In a “particularly intense” visit, the mission had met with the President, the Prime Minister and most of the Cabinet, he said. It had also met with parliamentarians and representatives of major donors and the private sector. Besides Cité Soleil, it had visited Ouanaminthe, a provincial town in the north-east, to see conditions outside the capital. The next step was to report to the Economic and Social Council, and the Advisory Group would be convening “shortly” to come up with recommendations and share its analysis with the wider United Nations membership. It was too early to predict what those recommendations might be, but it was imperative that Haiti remain on the international agenda and receive appropriate support.
Asked about progress in the provision of basic goods and services throughout the country, Mr. McNee said tha,t besides huge infrastructure challenges, what was also striking was the flow of basic foods like eggs, chickens and bananas across from the Dominican Republic, since they would have been thought to be home grown.
Regarding the success in securing Cité Soleil, he told another correspondent that the situation remained fragile and it would be foolhardy to predict that the problem had been solved. Some, but not all, key gang leaders had been arrested and the assumption was that the others had “gone to ground”. On the other hand, local residents had been surprisingly receptive towards MINUSTAH, whereas in an earlier phase they would not have dared welcome a visiting mission, even in passing, for fear of reprisals. The real challenge was creating employment and economic growth that would give people an incentive to pursue a peaceful path rather than a criminal one.
Another journalist asked what role Canadians were playing in terms of securing Cité Soleil and how long Canadian police officers would remain in the country.
Mr. McNee replied that the operation had been led by the Brazilian battalion responsible for that sector, which had demonstrated impressive professionalism and treated the local population respectfully. Police officers from Montreal and other cities would be in Haiti as long as MINUSTAH was there, as part of a major Canadian commitment, including training the Haitian police.

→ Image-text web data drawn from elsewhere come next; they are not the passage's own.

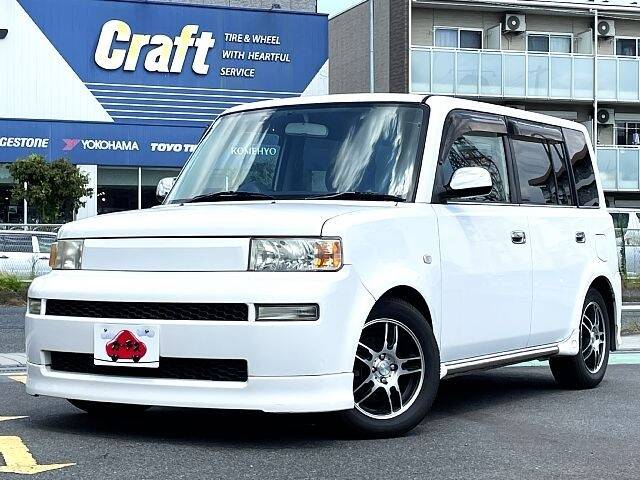TOYOTA bB
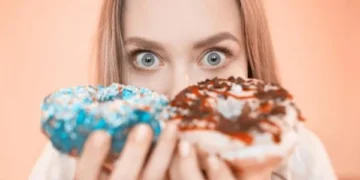 Why do we crave something sweet after a full meal?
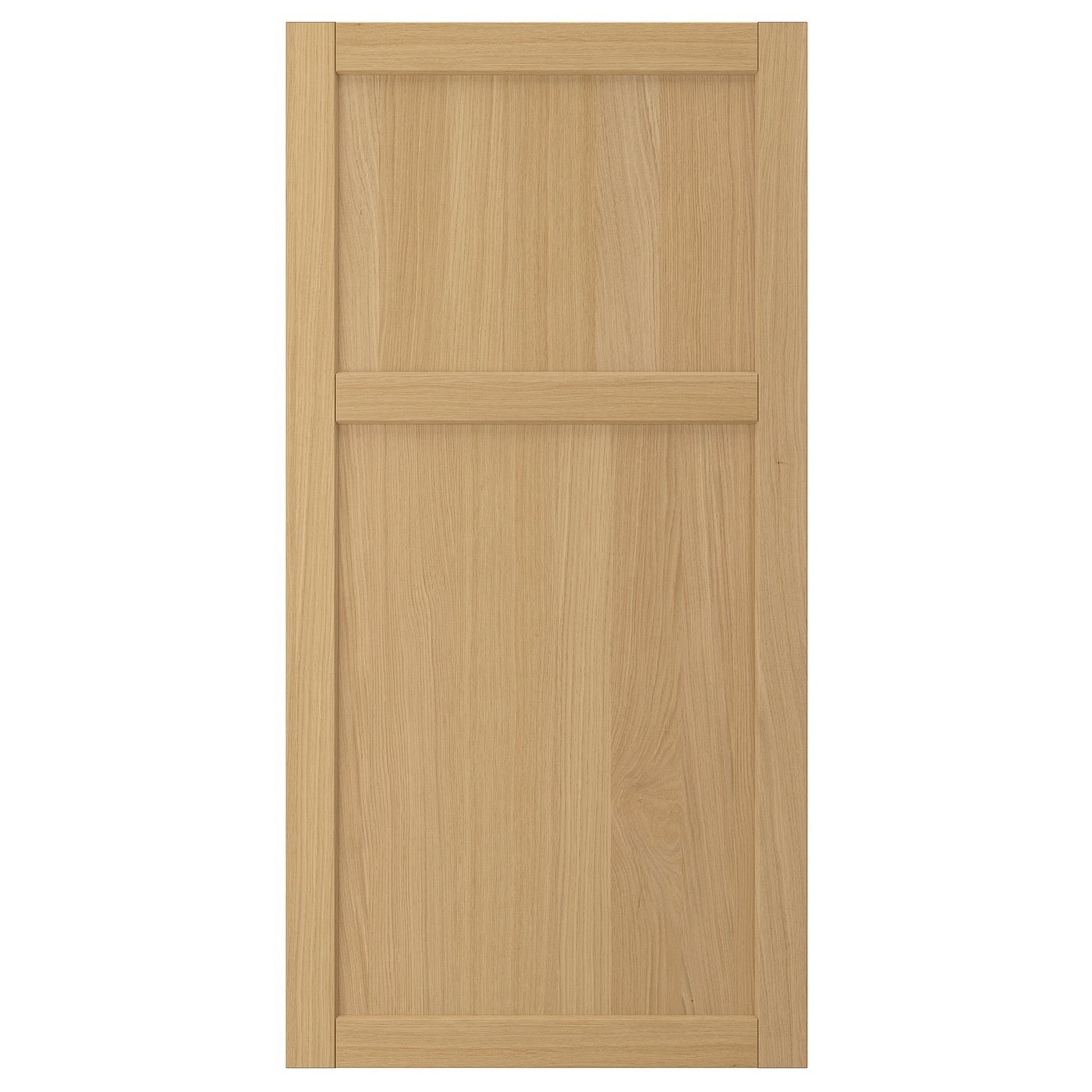 FORSBACKA Deur eiken 60x120 cm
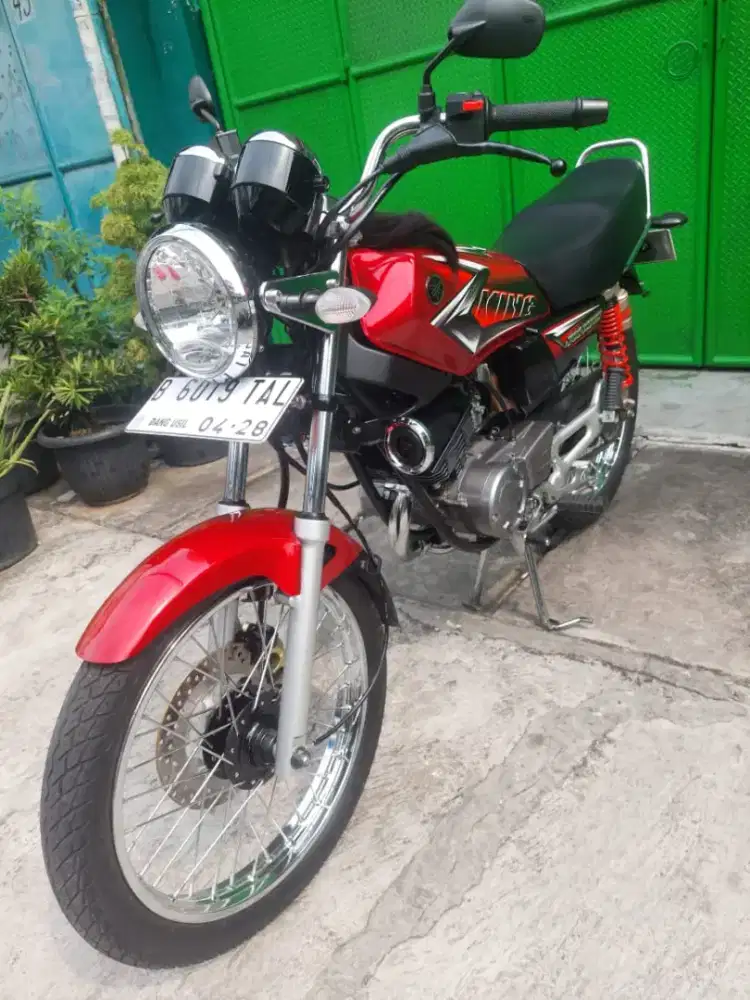Yamaha RX king new 2004 up 2009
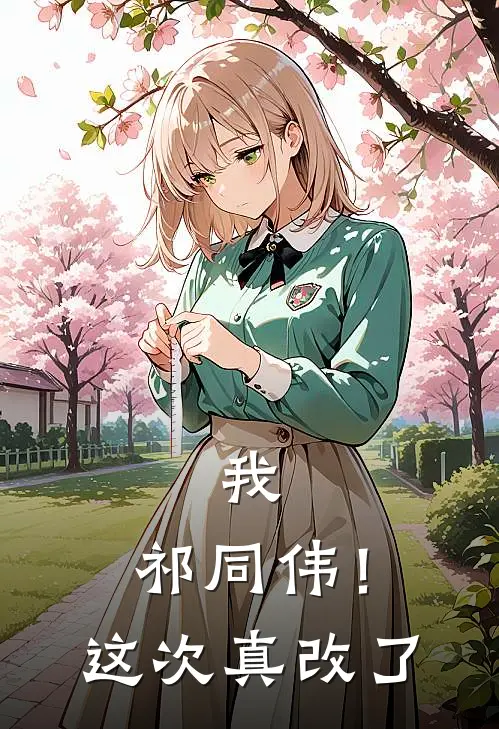 我，祁同伟！这次真改了
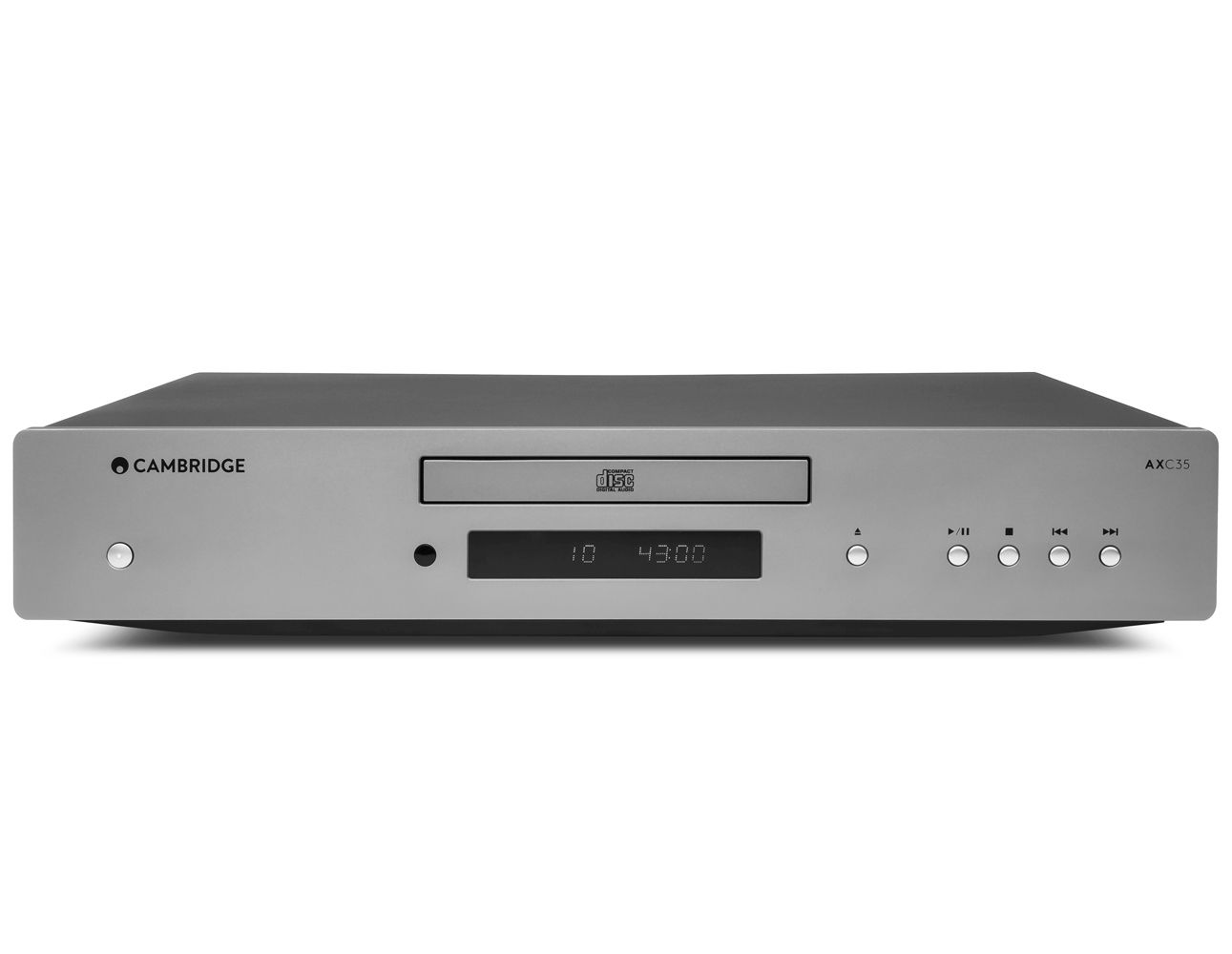 Cambridge Audio AXC35 Lunar Grey --- 1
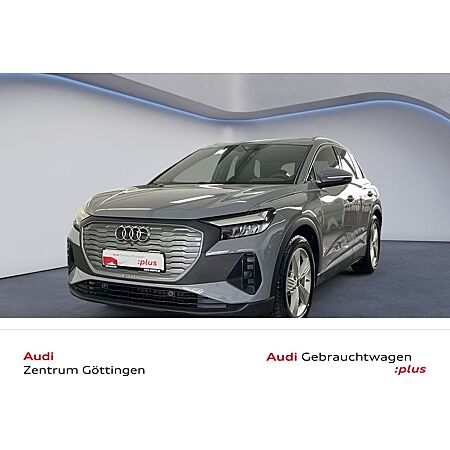 Audi Q4 e-tron leasen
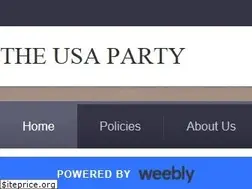 Sites similar to theusaparty.com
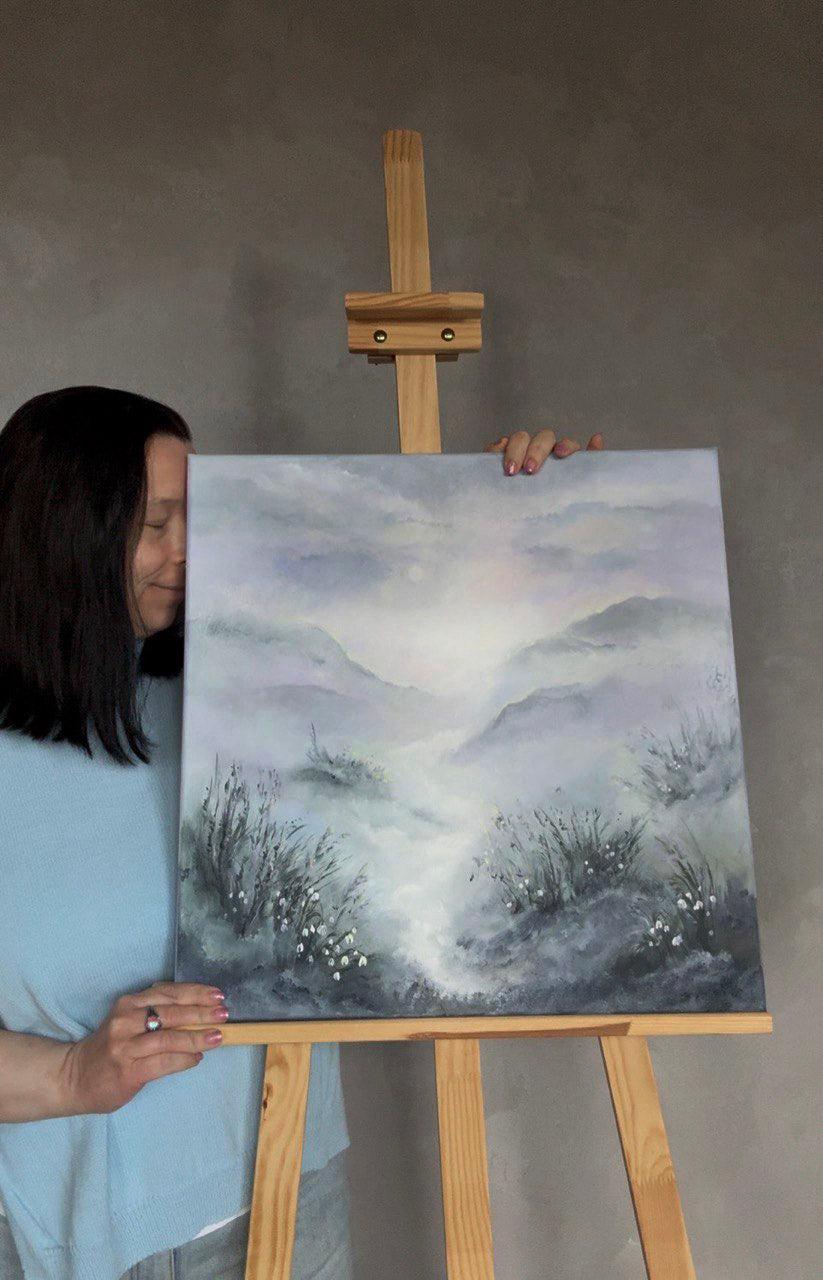 Where Snowdrops Lead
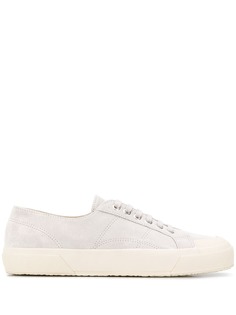 Superga low-top lace-up sneakers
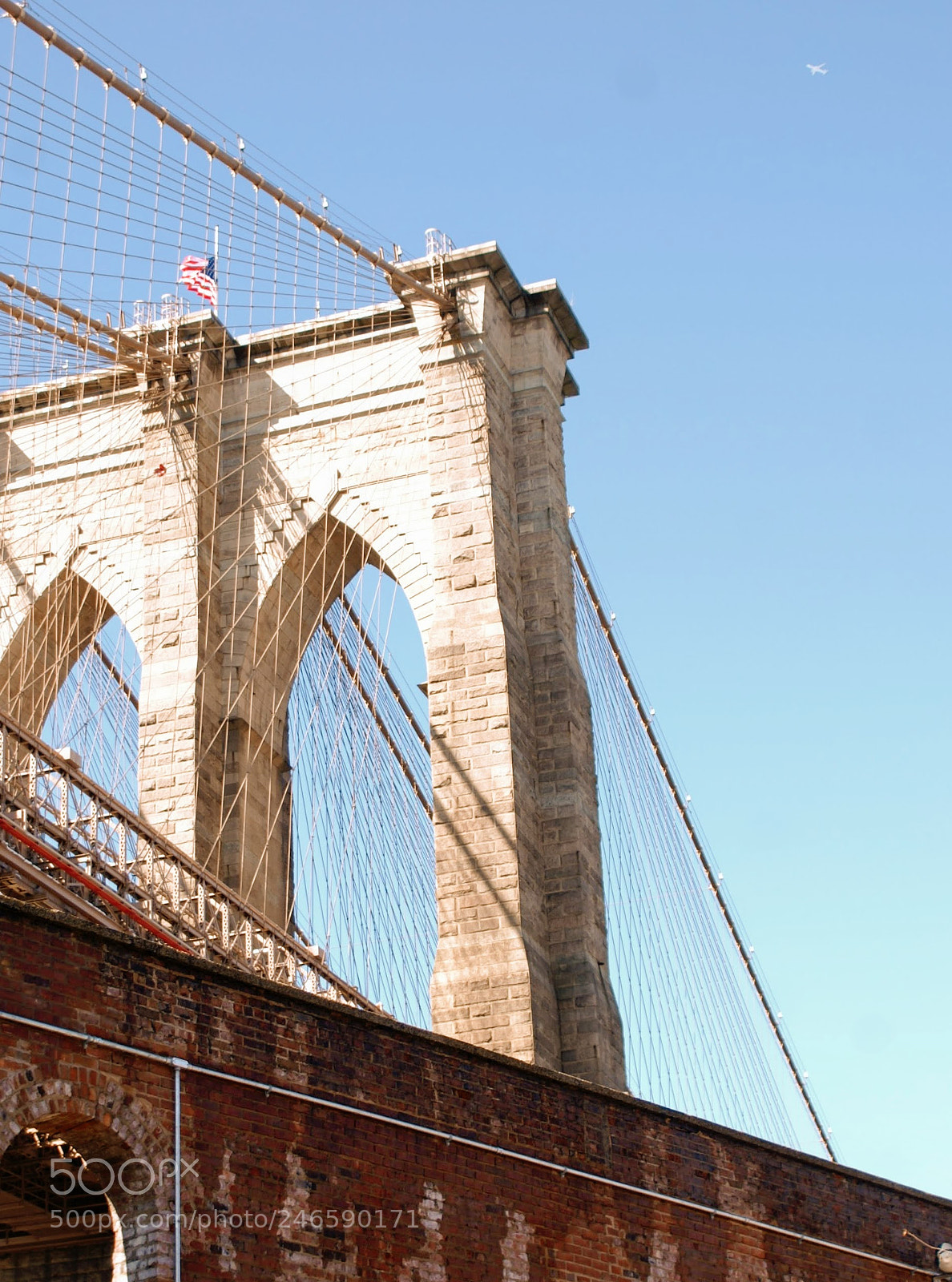 Sony Alpha DSLR-A100 sample photo. Dumbo photography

Asked if there was a role for the United Nations in taking on Haitian drug lords, he said the real question was how to reform the entire security sector and inculcate respect for the rule of law. Reforming the police and the judicial system was a long-term task that was very much related to building Government capacity to fulfil its role.
The same journalist asked why the United Nations could take on the “petty gangs” in the slums but not the rich gangs with connections among the governing elite.
Mr. McNee, while acknowledging international efforts to interdict the serious problems occasioned by the drug trade, stressed that the mission’s mandate had been to look at how the international community could best help Haiti implement development strategies.
Responding to a question about long-term strategy to bring Haiti out of its current situation, he noted that tourism was one of the main economic elements of the Caribbean region. Haiti, an “extraordinarily beautiful country”, had once had a significant, but now withered, tourism industry. One entrepreneur had transformed the local Club Med into a Haitian hotel with a high occupancy rate, according to the Minister for Tourism. In addition, the largely agricultural country had once grown high-grade coffee that had fetched a good price abroad.